**Your instructions**
Only the text should come through, so restate the listing exactly and drop its images.

**Input data**
* * *
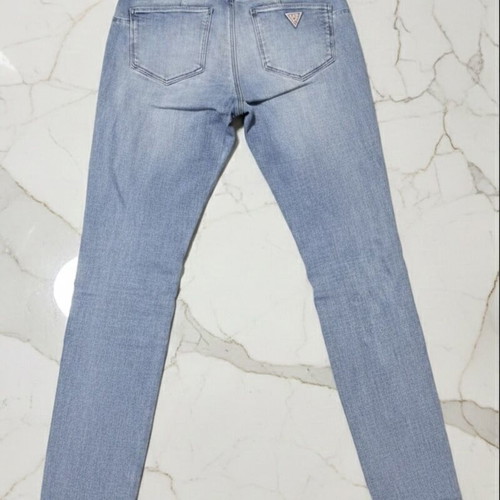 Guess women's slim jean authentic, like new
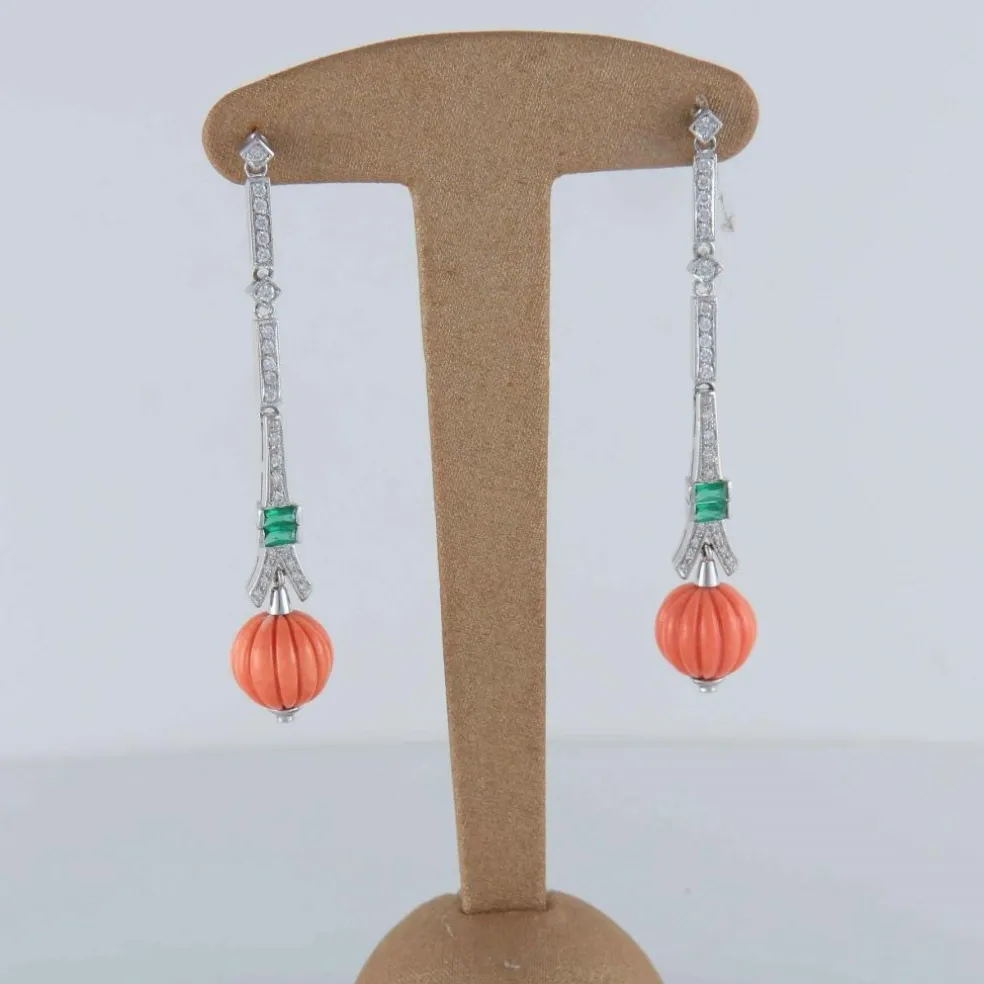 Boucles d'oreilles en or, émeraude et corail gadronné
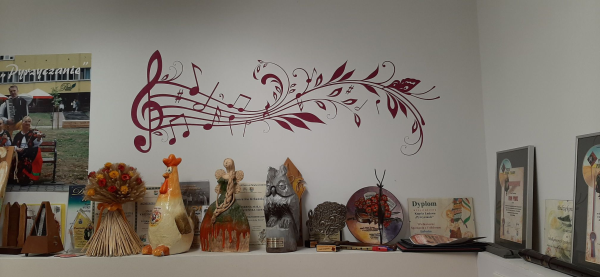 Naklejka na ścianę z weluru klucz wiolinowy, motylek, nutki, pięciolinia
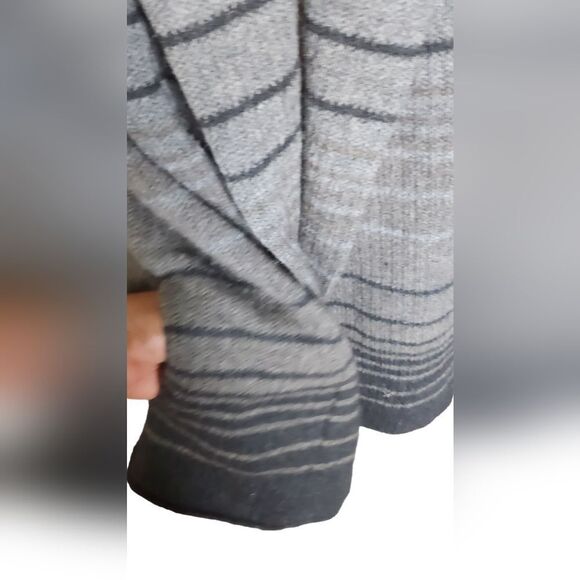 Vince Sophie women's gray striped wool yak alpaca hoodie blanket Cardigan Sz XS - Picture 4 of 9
* * *
**Answer box**
 Guess women's slim jean authentic, like new
 Boucles d'oreilles en or, émeraude et corail gadronné
 Naklejka na ścianę z weluru klucz wiolinowy, motylek, nutki, pięciolinia
 Vince Sophie women's gray striped wool yak alpaca hoodie blanket Cardigan Sz XS - Picture 4 of 9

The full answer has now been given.